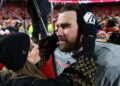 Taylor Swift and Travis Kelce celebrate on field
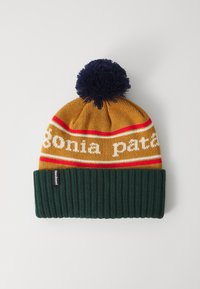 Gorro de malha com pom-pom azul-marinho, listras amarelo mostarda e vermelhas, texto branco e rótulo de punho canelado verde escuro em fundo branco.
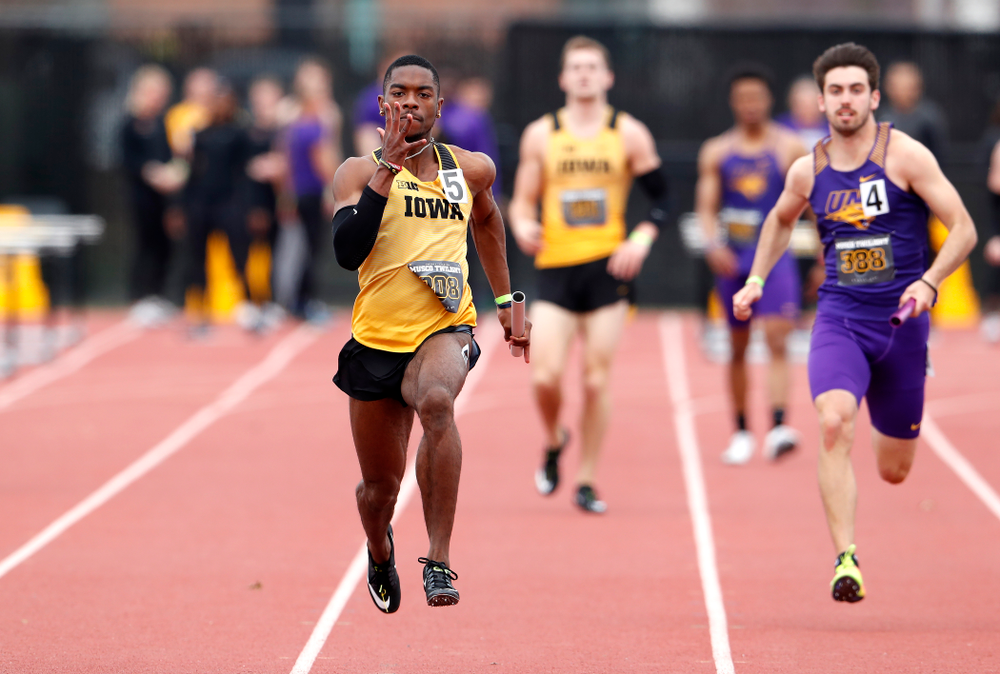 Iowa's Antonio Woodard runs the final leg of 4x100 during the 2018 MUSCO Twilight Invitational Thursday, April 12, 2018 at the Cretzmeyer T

...

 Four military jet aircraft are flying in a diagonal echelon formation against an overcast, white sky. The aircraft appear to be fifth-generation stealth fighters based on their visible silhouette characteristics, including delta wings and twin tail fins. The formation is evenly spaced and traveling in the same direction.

• **Goal of the exercise**
The answer is the lines above from the one with "Taylor Swift and" to the one with "Iowa's Antonio Woodard", set down exactly, with no pictures.

• **Reply to the task**
 Taylor Swift and Travis Kelce celebrate on field
 Gorro de malha com pom-pom azul-marinho, listras amarelo mostarda e vermelhas, texto branco e rótulo de punho canelado verde escuro em fundo branco.
 Iowa's Antonio Woodard runs the final leg of 4x100 during the 2018 MUSCO Twilight Invitational Thursday, April 12, 2018 at the Cretzmeyer T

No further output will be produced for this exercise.